My body is still trying to adjust to the fact that time has done a 180.  As I write this, it is 5:30am on Wednesday.  For my friends and family on the East Coast, it is 5:30pm on Tuesday.  
 
Each morning, I wake up to the varying hums of the three fans in the bedroom I am sharing with seven other girls.  I try not to think about the fact that I showered just before bed last night, and though I have only slept, I am sweating as if I have just finished a vigorous workout.  I dress quietly in the dark and come downstairs to begin fixing my morning dose of caffeine.  Since I am not a coffee drinker, this looks a little different.  I step carefully down the steep basement stairs with my Nalgene bottle, quickly fill it to the brim with ice, and trudge back up the concrete steps.  I load some sugar into a Styrofoam cup, then pour hot coffee into it.  Once the sugar has dissolved, it is all poured into the Nalgene.  I do the same thing with the powdered creamer.  Apparently I have watched enough other people prepare coffee drinks, because this combination is rather tasty, and seems to do the trick for caffeine.

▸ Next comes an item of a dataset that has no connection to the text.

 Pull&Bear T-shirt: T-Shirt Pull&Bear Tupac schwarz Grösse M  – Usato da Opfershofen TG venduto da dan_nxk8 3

Our home for the month is in the heart of a very poor area called Cuatro.  Cuatro is Tagalog/Spanish for the word Four because this tragically destitute neighborhood sits on the edge of the fourth hole of the ritziest golf course in Manila.  We live in a small compound, behind a gated iron fence.  The main house is about the size of a smallish McMansion in the US.  Upstairs there are five bedrooms, each with their own bathroom.  Our host family lives in an adjacent building with their children.  They have extra bedrooms there too, so of course, more World Racers are living there.  There will be a video of all of this soon, but for right now, I can only give a few little glimpses of life here. 

Every single one of us (all fifty-one) have been provided a bed, with sheets already on it, complete with a pillow and towel. We have two cooks in the kitchen who prepare us American-style breakfasts and dinners every day, and we have Filipino take-out for lunch.  We have hot showers and drinkable water out of every tap.  There is a balcony with a porch swing off the upstairs living room and a huge laundry room in the basement with modern washers and dryers.  Oh yeah, and there is a four-person hot tub downstairs too.  This lovely home has now been dubbed the World Race Palace because it is so amazing (and extremely atypical of World Race accommodations).